§ **WORK TASK**:
Beginning at the line that mentions "هيونداي سوناتا رياضي", retype the rest of the records below exactly. Pictures are not part of the copy.

§ **RECORDS TO PROCESS**:
'''

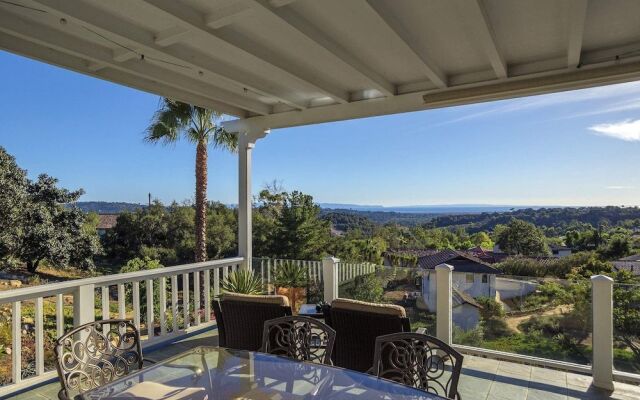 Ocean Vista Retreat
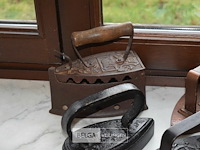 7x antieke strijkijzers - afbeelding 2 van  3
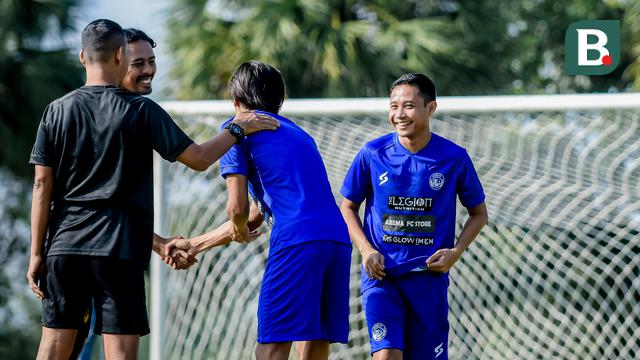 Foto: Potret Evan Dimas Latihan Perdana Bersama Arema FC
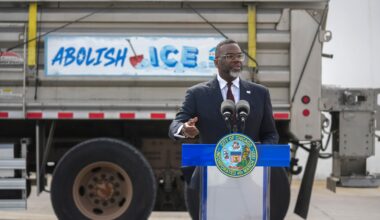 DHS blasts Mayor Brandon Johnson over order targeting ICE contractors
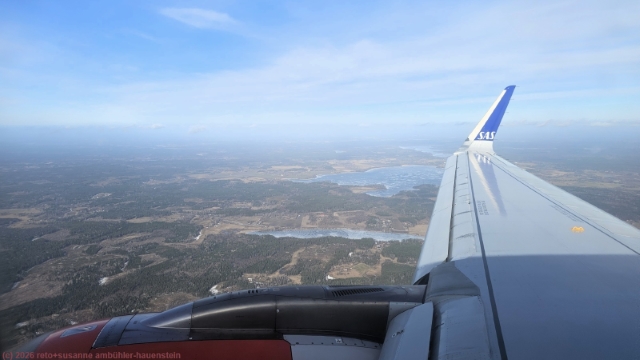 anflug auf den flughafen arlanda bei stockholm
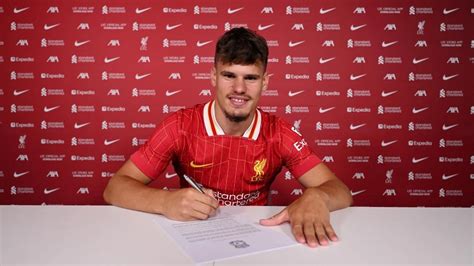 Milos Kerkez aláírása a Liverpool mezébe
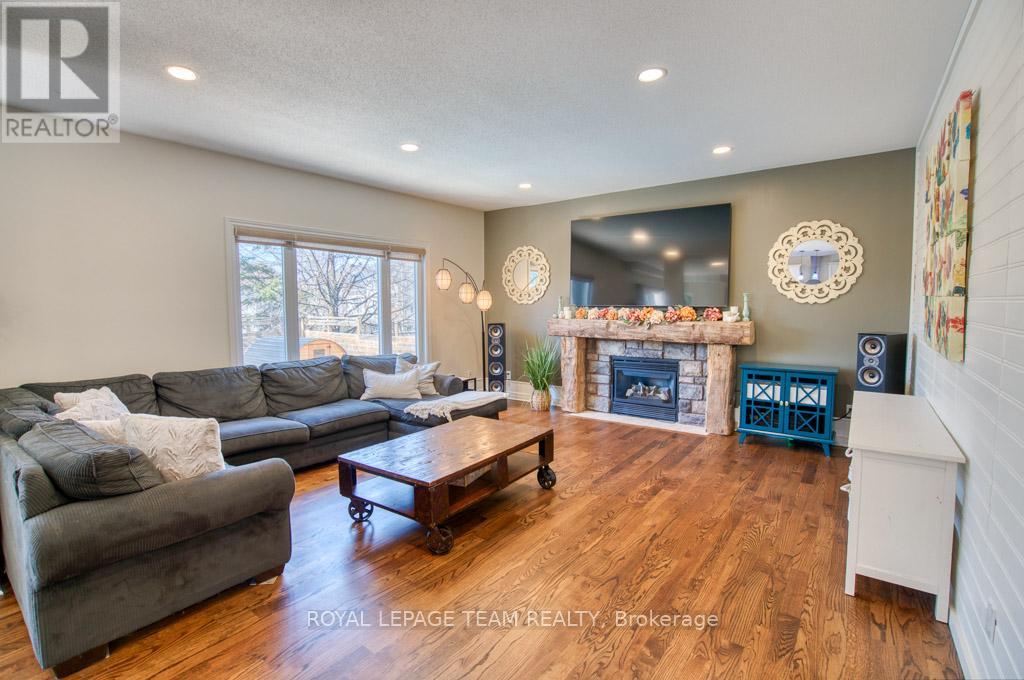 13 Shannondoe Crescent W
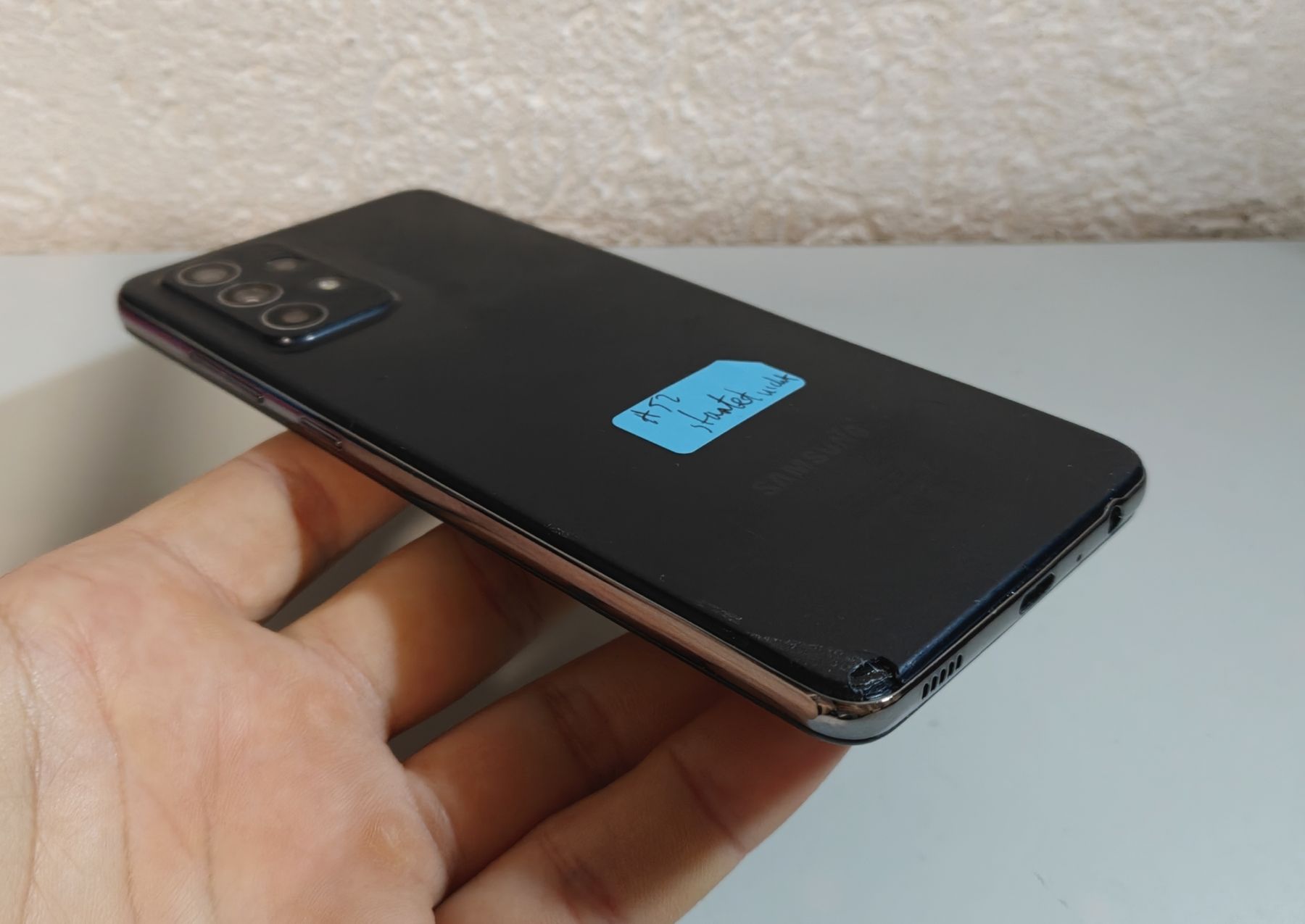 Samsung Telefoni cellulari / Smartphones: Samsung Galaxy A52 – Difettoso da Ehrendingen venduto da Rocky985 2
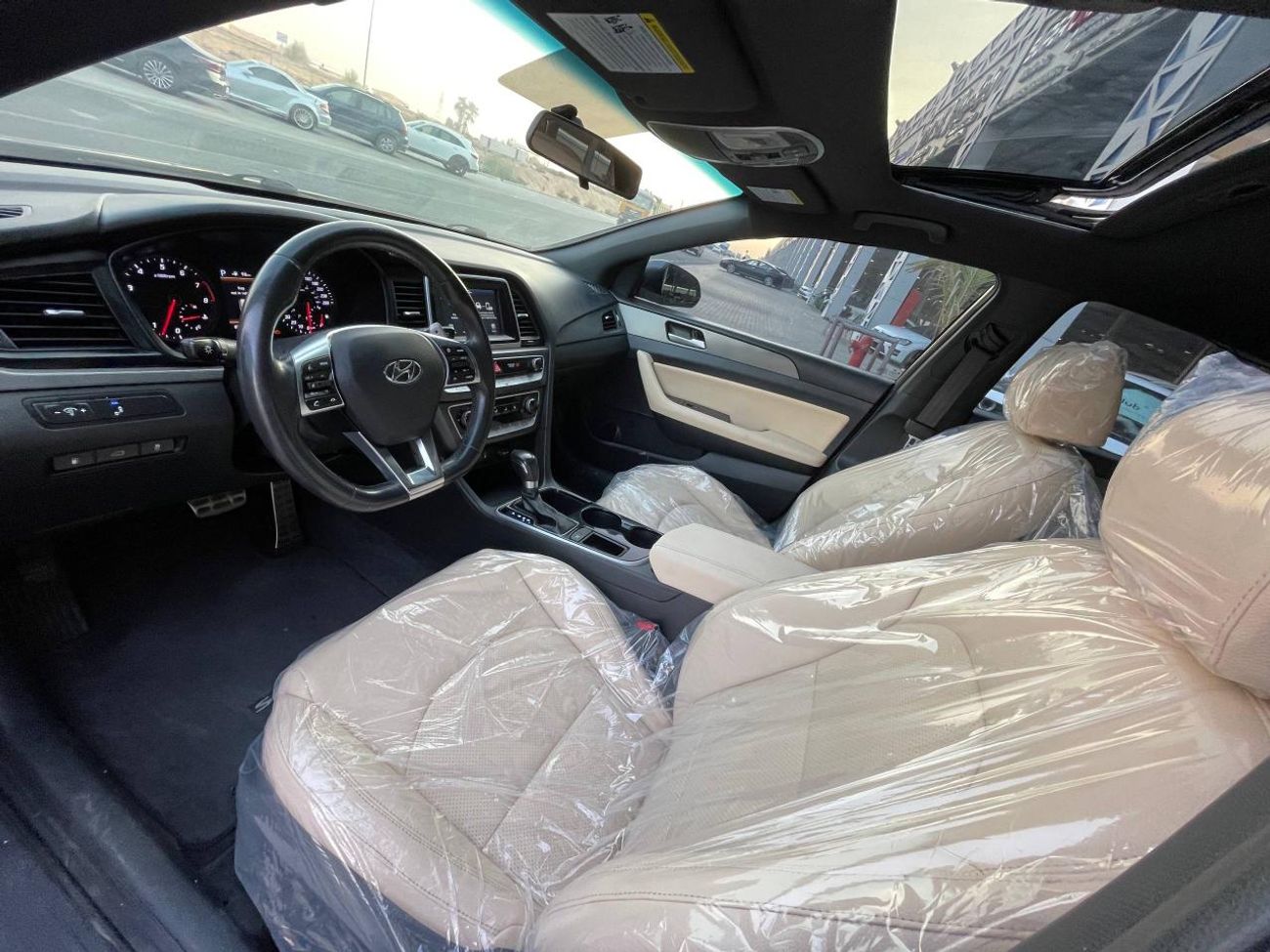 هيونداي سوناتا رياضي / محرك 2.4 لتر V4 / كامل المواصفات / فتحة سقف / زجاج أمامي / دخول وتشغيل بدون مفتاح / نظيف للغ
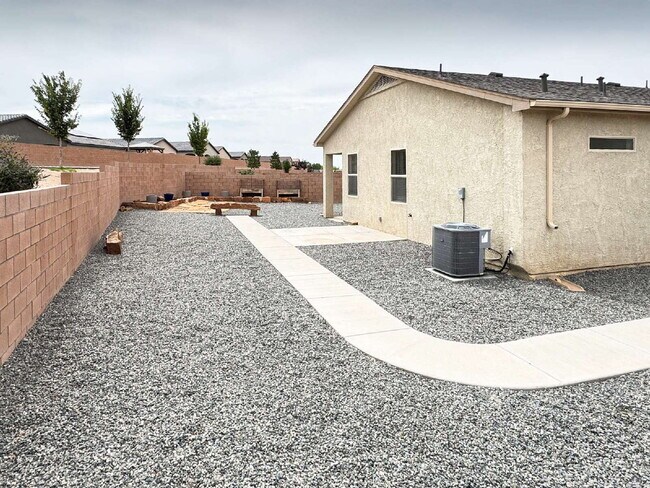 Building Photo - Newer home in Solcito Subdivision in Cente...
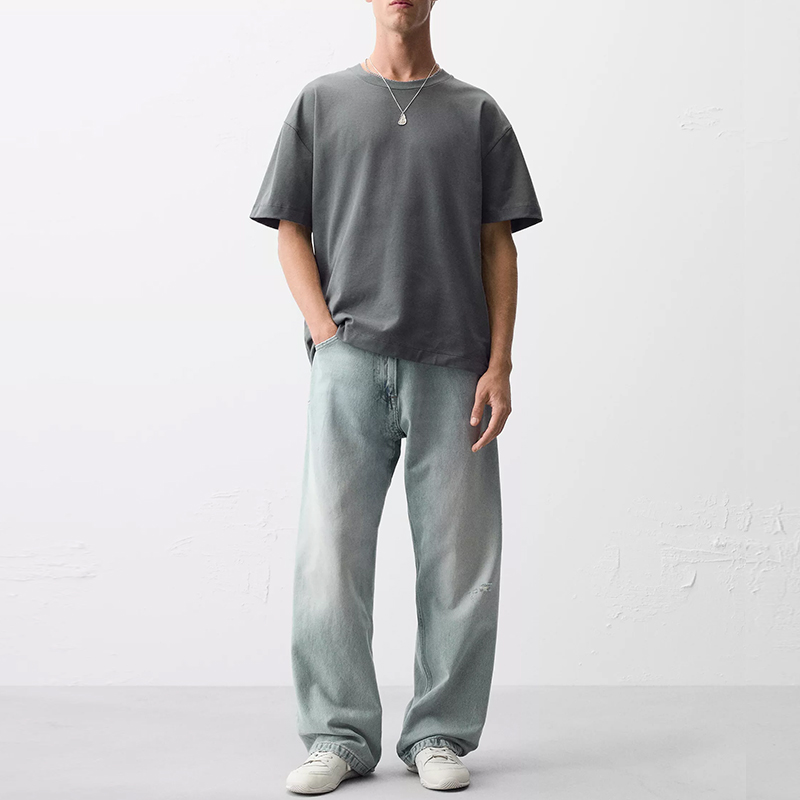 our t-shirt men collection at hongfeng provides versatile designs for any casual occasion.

'''

§ **ANSWER TO THIS TASK**:
 هيونداي سوناتا رياضي / محرك 2.4 لتر V4 / كامل المواصفات / فتحة سقف / زجاج أمامي / دخول وتشغيل بدون مفتاح / نظيف للغ
 Building Photo - Newer home in Solcito Subdivision in Cente...
 our t-shirt men collection at hongfeng provides versatile designs for any casual occasion.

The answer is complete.